• **PROBLEM**:
Set down, character for character, everything in the records below from the line holding "贵州茅台·2025 走进系列-英国 350ml" down to the line holding "گردنبند با پلاک", and no other line.

─── TASK INPUTS ───

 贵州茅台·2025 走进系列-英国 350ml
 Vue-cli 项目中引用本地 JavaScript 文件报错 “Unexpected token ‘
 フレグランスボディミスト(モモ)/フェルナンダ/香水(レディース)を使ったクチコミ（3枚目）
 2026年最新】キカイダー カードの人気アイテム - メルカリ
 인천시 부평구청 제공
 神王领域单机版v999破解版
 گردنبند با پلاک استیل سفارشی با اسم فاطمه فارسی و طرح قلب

───
─── TASK INPUTS ───

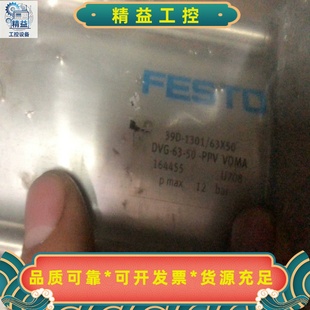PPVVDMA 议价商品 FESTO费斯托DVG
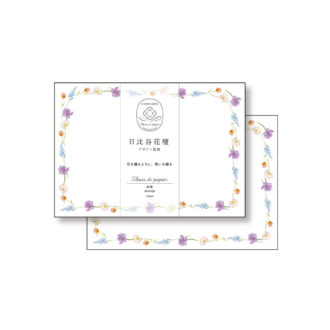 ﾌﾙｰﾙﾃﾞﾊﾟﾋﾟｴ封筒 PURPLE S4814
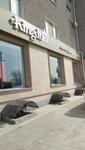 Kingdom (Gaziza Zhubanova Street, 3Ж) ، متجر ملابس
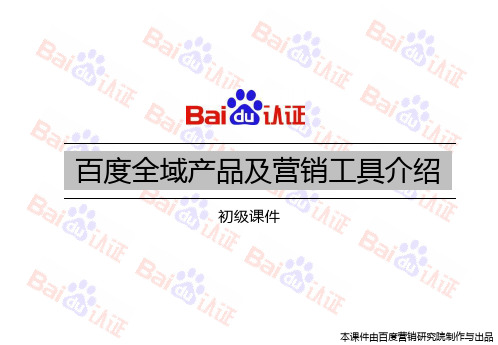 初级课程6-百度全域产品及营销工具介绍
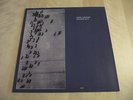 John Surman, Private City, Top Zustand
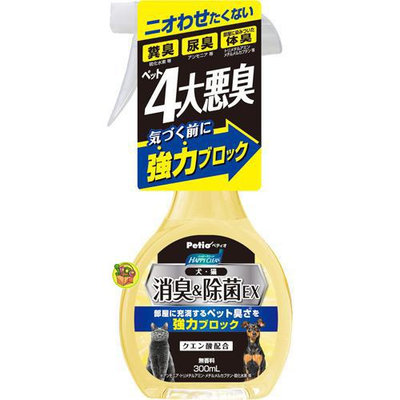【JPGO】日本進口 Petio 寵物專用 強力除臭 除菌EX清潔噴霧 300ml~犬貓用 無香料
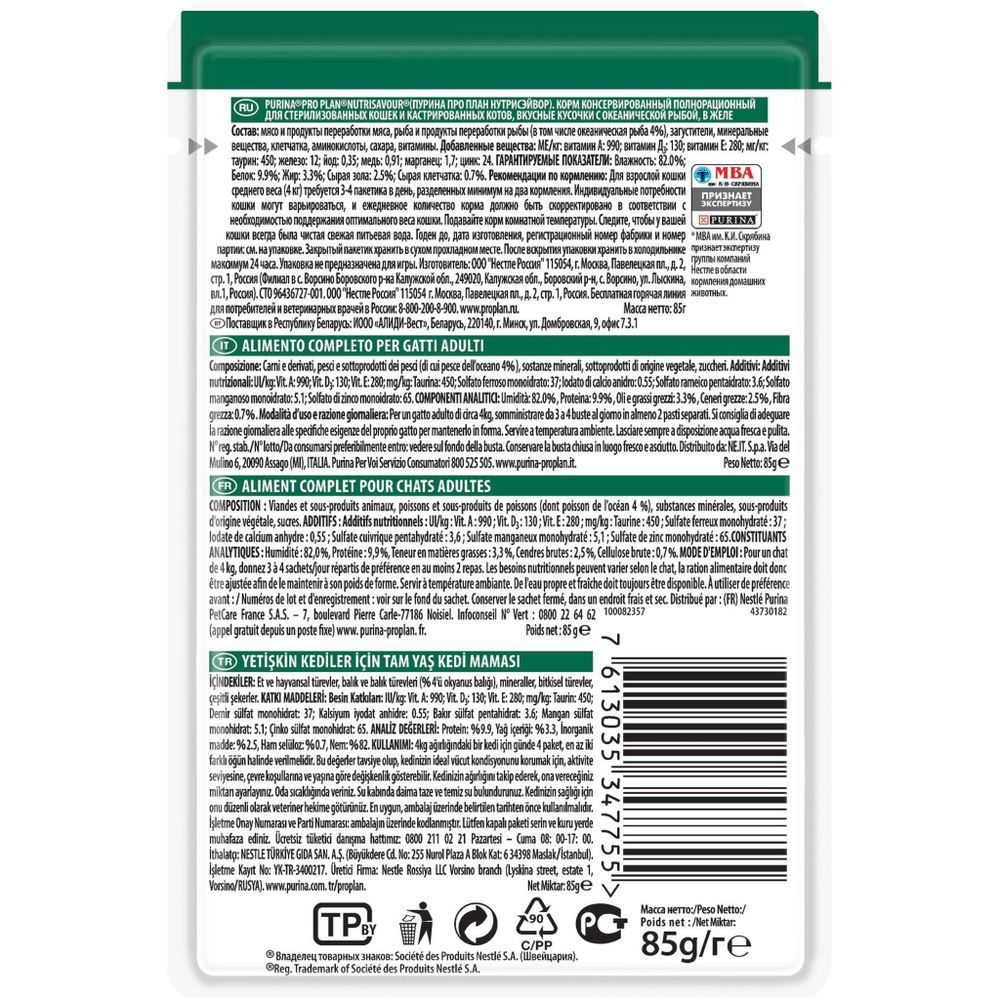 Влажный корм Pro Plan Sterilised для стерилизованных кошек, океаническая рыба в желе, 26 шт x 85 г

───

• **SOLUTION TO THE EXERCISE**:
 贵州茅台·2025 走进系列-英国 350ml
 Vue-cli 项目中引用本地 JavaScript 文件报错 “Unexpected token ‘
 フレグランスボディミスト(モモ)/フェルナンダ/香水(レディース)を使ったクチコミ（3枚目）
 2026年最新】キカイダー カードの人気アイテム - メルカリ
 인천시 부평구청 제공
 神王领域单机版v999破解版
 گردنبند با پلاک استیل سفارشی با اسم فاطمه فارسی و طرح قلب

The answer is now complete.